The first step in any morloc
project is to describe the relevant data. In
this post, I will describe how a set of training and testing data for a machine
learning project can be typed into morloc
. This post will introduce the
concept of dimensional typing, which is not yet implemented in morloc
, so the
morloc
code in this post will not currently run. Instead the focus of this
post is to describe the features I want to build into morloc
in the near
future.
As a concrete example of a training/testing dataset, I will use the MNIST collection of hand-drawn digits. This collection consists of 60000 28X28 pixel training images and 10000 28X28 pixel testing images. All images are on the grayscale with values between 0 and 255 representing intensities (from black to white).
We can represent MNIST
as a type with 4 parameters. This type captures the
top-level shape of the data (a pair or training and testing pairs).
type (MNIST x_training y_training x_testing y_testing) =
((x_training, y_training), (x_testing, y_testing))
To capture the shape one layer deeper, we can remove the parameterized types with a list of lists of lists of integers (awkward) for the data and a list of strings for the labels.
type MNIST = (([[[Int]]], [Int]), ([[[Int]]], [Int]))
Where [a]
represents an ordered list of elements of type a
. Besides being
awkward, the term []
is does not capture the rectangular shape of the
data. We can replace the internal with
Matrix Int
as below:
type MNIST = (([Matrix Int], [Int]), ([Matrix Int], [Int]))
This type still does not capture the dependencies between data and label dimensions. So we can extend the types with explicit dimensional data:
type (MNIST label) =
( (Tensor_{60000,28,28} Int, Tensor_{60000} Int)

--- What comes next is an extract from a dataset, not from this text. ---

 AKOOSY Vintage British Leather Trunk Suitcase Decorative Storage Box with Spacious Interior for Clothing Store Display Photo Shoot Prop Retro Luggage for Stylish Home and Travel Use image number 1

, (Tensor_{10000,28,28} Int, Tensor_{10000} Int))
The addition of dimensions to the type allows the dimensionality of the program
to be typechecked at compile time and serves as machine and human readable
documentation. They also allow runtime validation of input data. One further
step we could take would be to replace the Tensor
type by generalizing the
[]
notation to arbitrary dimension. As shown below:
type (MNIST label) =
( ([Int]_{n=60000,28,28}, [Int]_n)
, ([Int]_{m=10000,28,28}, [Int]_m))
I am also introducing dimension variables (m
and n
). Note that all indexing
expressions in a given type signature are in the same scope. They form a small,
integer-based language nested inside the larger type language. Repeated
dimensions could be removed, though in this case it doesn’t improve
readability:
type (MNIST label) =
( ([Int]_{n=60000, x=28, y=x}, [Int]_n)
, ([Int]_{m=10000, x, y }, [Int]_m))
In the case of the MNIST data, we already know the dimensionality of the data. But if we want a description of learning data that can be reused in many contexts we can generalize the type as follows:
type (MLData cell label) =
( ([cell]_{n, x...}, [label]_n)
, ([cell]_{m, x...}, [label]_m))
Where n
and m
represent the number of training or testing objects; cell
and label
represent the generic data and label types; and x…
represents
the dimensionality of the data. This general machine learning input data type
requires the form and dimension of the training and test data be the same and
requires exactly one label for each data object. The MNIST data type
is a subset of this more general MLData type.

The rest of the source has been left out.